*Work required*: Pick out each line below containing "Digital".

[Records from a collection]
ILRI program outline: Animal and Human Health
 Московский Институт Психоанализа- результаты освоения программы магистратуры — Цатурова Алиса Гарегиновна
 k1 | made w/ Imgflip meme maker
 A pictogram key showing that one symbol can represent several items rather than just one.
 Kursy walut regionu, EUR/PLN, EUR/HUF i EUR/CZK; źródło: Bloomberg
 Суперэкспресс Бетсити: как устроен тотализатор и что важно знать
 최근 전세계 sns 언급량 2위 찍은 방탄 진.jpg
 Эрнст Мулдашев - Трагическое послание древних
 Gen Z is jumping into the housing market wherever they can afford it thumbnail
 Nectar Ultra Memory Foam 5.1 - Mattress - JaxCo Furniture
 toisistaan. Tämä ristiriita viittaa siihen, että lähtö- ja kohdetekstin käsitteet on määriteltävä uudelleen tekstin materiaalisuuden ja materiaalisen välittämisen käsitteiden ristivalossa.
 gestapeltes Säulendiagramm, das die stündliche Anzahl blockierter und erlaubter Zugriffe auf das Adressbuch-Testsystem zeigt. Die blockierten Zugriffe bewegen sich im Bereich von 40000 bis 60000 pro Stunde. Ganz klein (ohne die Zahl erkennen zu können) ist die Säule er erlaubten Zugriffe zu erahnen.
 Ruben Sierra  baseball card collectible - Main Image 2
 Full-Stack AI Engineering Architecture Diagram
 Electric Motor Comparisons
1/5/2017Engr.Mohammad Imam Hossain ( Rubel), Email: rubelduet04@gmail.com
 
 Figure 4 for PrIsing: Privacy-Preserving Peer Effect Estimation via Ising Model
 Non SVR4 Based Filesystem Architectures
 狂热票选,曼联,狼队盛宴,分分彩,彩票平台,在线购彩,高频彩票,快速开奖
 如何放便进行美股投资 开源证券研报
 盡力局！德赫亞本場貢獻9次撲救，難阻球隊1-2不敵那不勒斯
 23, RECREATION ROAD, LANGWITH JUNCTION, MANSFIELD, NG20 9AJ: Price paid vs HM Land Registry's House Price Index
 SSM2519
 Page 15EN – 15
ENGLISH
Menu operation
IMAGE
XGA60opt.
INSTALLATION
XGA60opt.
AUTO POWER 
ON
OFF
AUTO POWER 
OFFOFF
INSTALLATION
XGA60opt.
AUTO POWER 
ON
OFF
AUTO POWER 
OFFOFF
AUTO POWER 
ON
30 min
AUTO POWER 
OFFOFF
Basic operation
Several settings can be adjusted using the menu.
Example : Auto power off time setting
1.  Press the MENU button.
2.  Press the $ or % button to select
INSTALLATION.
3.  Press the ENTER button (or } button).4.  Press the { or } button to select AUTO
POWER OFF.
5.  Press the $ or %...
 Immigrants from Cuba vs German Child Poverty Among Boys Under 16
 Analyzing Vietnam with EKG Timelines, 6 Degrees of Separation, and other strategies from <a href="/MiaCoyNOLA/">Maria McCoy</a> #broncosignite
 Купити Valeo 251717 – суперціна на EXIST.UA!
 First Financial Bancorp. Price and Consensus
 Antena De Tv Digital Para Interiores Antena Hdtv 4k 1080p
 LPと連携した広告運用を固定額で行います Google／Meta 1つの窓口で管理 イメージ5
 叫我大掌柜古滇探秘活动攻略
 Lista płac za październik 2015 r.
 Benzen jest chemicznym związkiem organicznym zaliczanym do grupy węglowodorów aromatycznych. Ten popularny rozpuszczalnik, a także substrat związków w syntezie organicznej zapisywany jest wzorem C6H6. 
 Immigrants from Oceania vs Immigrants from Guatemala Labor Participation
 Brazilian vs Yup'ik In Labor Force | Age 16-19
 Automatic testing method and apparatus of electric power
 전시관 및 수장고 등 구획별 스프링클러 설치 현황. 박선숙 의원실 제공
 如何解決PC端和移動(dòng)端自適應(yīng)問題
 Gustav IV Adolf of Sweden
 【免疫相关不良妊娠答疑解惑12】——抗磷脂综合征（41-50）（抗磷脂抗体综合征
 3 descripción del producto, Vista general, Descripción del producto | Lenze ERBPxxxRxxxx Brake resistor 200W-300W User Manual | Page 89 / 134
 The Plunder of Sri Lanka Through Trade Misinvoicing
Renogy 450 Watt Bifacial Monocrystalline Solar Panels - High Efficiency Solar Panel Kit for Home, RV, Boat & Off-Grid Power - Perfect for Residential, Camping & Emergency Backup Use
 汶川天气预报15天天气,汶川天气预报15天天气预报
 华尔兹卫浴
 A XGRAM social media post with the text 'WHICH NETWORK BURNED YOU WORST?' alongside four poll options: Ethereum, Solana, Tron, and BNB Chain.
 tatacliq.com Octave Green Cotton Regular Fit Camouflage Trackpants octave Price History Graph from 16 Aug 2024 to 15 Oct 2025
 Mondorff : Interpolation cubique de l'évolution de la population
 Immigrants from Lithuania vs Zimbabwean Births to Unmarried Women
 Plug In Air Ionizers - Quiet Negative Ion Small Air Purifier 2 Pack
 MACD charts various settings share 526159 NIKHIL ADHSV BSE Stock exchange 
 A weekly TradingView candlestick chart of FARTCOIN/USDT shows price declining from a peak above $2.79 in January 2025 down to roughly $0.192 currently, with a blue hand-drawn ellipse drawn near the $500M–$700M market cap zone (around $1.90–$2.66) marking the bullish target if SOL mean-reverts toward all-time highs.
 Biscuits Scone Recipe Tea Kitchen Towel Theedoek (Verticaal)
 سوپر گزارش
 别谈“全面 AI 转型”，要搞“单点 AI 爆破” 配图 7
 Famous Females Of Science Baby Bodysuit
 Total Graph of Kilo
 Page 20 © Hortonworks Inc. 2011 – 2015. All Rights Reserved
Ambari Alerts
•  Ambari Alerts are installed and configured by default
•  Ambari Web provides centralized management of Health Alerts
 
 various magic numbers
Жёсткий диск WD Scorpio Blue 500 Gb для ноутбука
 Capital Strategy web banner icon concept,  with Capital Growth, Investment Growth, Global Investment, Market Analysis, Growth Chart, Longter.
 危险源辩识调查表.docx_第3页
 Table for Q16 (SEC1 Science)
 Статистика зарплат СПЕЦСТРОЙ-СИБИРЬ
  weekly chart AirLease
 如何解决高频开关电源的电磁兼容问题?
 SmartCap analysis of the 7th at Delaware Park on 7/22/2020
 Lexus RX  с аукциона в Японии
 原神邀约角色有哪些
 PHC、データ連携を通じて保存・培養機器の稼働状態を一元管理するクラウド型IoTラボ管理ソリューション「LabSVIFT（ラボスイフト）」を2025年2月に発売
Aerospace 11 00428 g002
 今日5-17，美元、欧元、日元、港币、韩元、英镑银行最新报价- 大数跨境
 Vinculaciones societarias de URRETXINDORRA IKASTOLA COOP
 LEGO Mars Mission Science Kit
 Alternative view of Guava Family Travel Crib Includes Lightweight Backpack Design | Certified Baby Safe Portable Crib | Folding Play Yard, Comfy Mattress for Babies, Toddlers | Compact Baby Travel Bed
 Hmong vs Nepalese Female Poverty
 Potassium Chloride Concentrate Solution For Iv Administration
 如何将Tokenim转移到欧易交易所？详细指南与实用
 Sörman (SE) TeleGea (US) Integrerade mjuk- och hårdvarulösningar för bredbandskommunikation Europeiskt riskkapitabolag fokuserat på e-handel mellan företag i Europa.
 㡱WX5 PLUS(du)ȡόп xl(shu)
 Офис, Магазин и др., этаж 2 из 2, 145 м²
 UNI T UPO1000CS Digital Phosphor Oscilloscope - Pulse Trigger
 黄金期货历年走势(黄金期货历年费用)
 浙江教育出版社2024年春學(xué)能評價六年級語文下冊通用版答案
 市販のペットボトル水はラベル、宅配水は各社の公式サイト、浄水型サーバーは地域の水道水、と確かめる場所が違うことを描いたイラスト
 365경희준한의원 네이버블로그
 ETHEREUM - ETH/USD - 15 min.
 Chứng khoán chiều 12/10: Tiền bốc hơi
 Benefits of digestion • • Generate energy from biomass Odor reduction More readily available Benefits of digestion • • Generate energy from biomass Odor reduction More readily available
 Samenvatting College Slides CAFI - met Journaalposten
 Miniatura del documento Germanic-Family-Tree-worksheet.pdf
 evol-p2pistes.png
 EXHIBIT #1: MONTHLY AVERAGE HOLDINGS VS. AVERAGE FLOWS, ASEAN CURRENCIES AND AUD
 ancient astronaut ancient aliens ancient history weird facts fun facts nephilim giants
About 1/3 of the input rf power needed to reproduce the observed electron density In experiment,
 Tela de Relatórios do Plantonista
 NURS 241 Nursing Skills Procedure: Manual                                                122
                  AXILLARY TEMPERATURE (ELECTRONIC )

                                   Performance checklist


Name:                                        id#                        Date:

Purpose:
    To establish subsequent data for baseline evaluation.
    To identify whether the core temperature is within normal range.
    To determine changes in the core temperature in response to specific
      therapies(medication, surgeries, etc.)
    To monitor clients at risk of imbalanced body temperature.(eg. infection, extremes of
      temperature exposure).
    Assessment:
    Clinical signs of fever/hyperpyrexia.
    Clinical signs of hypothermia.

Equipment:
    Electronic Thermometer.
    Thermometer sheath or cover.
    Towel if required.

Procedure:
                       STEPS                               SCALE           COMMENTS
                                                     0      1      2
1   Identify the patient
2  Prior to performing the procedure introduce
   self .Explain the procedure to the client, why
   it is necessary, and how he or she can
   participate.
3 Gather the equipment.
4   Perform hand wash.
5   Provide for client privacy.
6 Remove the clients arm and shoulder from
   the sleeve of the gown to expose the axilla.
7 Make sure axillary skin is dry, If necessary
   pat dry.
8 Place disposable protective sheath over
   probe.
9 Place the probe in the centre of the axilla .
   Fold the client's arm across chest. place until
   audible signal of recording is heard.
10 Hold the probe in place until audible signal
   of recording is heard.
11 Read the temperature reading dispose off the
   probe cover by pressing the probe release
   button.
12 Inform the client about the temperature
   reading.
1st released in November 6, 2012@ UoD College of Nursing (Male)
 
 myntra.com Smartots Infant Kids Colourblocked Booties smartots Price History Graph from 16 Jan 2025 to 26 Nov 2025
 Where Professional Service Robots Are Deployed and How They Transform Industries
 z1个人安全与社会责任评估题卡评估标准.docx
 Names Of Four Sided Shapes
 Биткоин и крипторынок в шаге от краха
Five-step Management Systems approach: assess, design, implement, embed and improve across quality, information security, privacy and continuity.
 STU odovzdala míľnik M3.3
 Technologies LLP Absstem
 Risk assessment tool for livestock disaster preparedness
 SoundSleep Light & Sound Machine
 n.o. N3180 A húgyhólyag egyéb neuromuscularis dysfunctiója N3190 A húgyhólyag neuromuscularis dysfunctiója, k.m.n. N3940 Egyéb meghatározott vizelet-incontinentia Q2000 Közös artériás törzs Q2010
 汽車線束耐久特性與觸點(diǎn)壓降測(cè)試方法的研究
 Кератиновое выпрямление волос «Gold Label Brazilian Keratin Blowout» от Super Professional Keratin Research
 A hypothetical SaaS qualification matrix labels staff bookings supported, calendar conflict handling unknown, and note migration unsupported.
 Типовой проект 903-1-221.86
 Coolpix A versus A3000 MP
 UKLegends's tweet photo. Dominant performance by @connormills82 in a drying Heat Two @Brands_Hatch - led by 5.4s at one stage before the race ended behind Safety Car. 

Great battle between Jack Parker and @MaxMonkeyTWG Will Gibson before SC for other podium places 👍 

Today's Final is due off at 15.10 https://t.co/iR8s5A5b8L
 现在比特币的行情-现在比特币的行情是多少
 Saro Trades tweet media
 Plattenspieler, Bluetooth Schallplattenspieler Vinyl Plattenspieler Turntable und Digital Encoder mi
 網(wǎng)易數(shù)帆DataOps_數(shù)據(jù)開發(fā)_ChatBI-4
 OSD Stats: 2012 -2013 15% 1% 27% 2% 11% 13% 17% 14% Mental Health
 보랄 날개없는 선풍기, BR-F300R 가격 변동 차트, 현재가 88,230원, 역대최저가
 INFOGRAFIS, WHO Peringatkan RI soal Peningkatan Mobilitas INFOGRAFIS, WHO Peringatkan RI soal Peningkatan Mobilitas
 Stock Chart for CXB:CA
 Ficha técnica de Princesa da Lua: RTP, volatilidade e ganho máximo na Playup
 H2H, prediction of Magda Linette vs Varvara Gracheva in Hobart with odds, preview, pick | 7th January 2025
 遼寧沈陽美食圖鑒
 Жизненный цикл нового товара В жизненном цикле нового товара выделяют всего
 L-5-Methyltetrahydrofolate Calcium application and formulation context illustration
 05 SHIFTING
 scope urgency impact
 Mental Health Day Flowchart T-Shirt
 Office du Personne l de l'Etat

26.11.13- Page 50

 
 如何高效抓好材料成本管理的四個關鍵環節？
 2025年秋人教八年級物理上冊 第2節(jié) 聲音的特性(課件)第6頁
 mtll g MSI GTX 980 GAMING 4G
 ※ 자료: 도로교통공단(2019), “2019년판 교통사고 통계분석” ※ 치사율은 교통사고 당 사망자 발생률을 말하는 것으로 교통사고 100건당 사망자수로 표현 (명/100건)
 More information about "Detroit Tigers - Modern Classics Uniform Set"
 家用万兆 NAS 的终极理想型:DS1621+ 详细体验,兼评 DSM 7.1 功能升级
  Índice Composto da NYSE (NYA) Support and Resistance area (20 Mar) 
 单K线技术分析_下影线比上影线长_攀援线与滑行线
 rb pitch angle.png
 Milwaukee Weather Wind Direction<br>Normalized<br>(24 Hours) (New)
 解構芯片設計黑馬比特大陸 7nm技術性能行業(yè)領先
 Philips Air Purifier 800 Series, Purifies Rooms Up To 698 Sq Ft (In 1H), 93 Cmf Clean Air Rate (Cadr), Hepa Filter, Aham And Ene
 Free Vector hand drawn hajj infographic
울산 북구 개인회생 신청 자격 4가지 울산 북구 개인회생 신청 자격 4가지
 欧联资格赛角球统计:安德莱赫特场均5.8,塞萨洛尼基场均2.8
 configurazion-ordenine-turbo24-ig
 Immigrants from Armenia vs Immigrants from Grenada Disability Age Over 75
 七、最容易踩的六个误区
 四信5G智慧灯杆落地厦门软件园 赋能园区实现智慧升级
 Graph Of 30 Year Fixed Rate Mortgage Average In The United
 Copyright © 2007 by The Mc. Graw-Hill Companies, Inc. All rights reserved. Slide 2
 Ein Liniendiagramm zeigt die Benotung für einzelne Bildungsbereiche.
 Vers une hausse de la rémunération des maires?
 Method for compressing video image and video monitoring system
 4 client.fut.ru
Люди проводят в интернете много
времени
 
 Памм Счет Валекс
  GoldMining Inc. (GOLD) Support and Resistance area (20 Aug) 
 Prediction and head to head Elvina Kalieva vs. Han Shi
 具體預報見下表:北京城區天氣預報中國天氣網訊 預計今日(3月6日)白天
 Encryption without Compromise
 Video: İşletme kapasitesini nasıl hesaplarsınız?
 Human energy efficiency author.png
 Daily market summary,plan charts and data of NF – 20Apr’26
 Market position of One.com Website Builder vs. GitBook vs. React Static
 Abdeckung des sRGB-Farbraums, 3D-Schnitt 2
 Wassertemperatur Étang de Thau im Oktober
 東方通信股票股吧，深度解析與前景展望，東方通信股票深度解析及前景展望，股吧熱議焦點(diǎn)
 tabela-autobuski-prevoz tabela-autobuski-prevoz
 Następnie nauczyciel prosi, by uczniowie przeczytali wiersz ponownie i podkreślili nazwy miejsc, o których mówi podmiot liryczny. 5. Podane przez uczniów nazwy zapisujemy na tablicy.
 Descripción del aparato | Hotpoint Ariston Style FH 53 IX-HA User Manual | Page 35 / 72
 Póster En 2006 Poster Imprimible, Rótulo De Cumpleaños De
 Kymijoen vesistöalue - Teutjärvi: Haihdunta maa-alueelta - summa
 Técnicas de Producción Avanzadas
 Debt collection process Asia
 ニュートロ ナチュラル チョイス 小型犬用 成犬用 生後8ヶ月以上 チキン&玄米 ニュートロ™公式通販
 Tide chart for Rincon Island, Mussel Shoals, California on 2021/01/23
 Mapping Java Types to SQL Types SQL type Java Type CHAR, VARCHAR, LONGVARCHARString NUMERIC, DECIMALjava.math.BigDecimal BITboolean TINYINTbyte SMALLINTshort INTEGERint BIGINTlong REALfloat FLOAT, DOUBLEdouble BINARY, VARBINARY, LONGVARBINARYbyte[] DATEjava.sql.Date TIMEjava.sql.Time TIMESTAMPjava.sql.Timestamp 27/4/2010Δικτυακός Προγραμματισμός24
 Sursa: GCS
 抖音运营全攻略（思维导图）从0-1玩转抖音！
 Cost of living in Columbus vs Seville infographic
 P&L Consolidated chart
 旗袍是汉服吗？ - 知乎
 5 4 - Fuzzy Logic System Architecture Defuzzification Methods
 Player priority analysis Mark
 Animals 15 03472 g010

*Reply*:
 Antena De Tv Digital Para Interiores Antena Hdtv 4k 1080p
 UNI T UPO1000CS Digital Phosphor Oscilloscope - Pulse Trigger
 Plattenspieler, Bluetooth Schallplattenspieler Vinyl Plattenspieler Turntable und Digital Encoder mi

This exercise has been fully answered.